Blockbatch Models#
Blockbatch models are a way to process onchain data from the data lake and store results back in the data lake.

The image above shows our mental model of blockbatch
processing (for a single chain), where each
cell represents a batch. For each batch we have the core ingestion root paths and we have many other
root paths that are computed starting from the raw data. These derived datasets we refer to as the
“blockbatch models”.
Processing raw data is expensive, so we compute as many blockbatch models as we can to make further analysis cheaper.
At OP Labs we have simple filtering models, such as:
blockbatch/contract_creation/create_traces_v1
blockbatch/token_transfers/erc20_transfers_v1
blockbatch/token_transfers/erc721_transfers_v1
We also have models that compute fee breakdowns:
blockbatch/refined_traces/refined_transactions_fees_v2
blockbatch/refined_traces/refined_traces_fees_v2
And we have models where we do more complex contract analysis (including decoding):
blockbatch/account_abstraction/enriched_entrypoint_traces_v2
blockbatch/account_abstraction/useroperationevent_logs_v2
blockbatch/account_abstraction_prefilter/entrypoint_logs_v1
blockbatch/account_abstraction_prefilter/entrypoint_traces_v1
Inexpensive Joins#
Blockchain data processing usually involves joining data from the different raw datasets. For example you may want to join logs with traces or transactions with traces.
Outside of blockbatch
data processing this is difficult because compute engines have to perform
a distributed join across many blocks to produce the joined result. It seems possible, but is
difficult to get the compute engine to perform a storage layout based optimization of these joins.
(see for example Storage Partitioned Joins in Apache Spark).
Within blockbatch
processing we can load data for a specific batch into memory without having to
scan the storage layer (O(1) access to batches due to the deterministic path). And so we can
leverage this to much more effectively perform computations that require joins across root_paths.
Regardless of whether the root_path is one of the 4 core datasets or one derived from a model.
DuckDB Compute Engine#
Having tackled the problem of getting the right data into memory in the local context we now have to make a choice: how do we perform computations on this data? Enter DuckDB.
We chose DuckDB as the compute engine for blockbatch
for the following reasons:
Performance. DuckDB is very fast for SQL queries.
Extensibility. DuckDB can be enhanced with native UDFs and Python based UDFs. The Python UDFs are critical for our ability to decode smart contract data.
Streaming capabilities. DuckDB can stream data from the storage layer to the compute engine and most importantly it can also stream write data back to the storage layer.
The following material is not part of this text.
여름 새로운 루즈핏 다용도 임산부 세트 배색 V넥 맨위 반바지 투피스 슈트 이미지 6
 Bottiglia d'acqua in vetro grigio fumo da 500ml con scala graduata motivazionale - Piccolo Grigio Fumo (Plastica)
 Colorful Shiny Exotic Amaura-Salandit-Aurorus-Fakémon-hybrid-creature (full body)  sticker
This minimizes the memory footprint required to perform computations.
Documentation. DuckDB has excellent documentation and a very active community.
Interface#
We wanted a single interface to perform all blockbatch
processing. The goal is to be able to
specify three pieces of information and have the system figure out the rest. The three pieces of
information are:
The date range we want to process.
The chains we want to process.
The models we want to compute.
Behind the scenes the system will figure out which batches need to be processed, using markers to determine which batches have already been processed. Depending on the required input data it will decide if the batches are ready to be processed (avoids processing incomplete or missing input).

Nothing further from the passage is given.